*What you should do*: In the records below, reproduce exactly the lines from the one containing "But in this" through the one containing "You can obtain", both included, and omit the pictures.

*Records for this task*:

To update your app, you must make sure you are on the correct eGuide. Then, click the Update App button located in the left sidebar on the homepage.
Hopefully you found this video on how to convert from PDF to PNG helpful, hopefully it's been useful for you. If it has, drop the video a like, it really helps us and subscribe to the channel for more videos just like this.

...

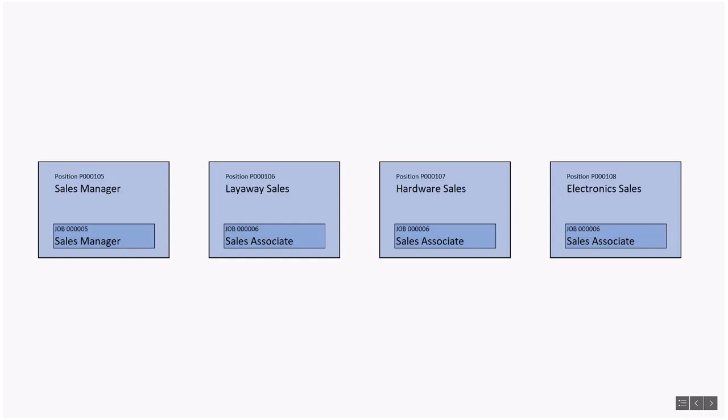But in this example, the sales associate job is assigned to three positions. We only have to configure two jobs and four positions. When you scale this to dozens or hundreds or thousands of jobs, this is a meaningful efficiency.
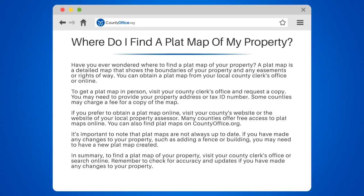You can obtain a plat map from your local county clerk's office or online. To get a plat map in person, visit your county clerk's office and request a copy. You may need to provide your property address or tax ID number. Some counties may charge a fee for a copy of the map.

...

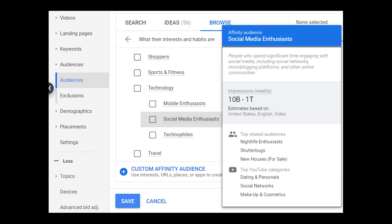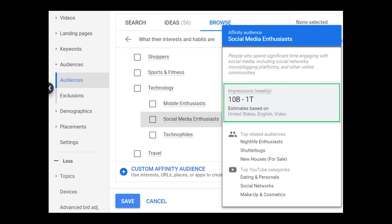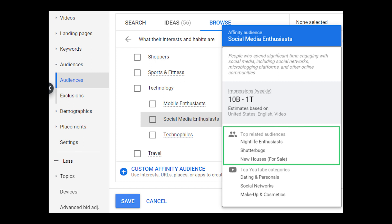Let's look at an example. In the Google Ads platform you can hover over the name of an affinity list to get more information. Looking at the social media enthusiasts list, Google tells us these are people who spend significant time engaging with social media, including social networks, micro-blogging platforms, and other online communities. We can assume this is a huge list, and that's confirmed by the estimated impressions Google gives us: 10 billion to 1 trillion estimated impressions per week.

*Expected answer*:
But in this example, the sales associate job is assigned to three positions. We only have to configure two jobs and four positions. When you scale this to dozens or hundreds or thousands of jobs, this is a meaningful efficiency.
You can obtain a plat map from your local county clerk's office or online. To get a plat map in person, visit your county clerk's office and request a copy. You may need to provide your property address or tax ID number. Some counties may charge a fee for a copy of the map.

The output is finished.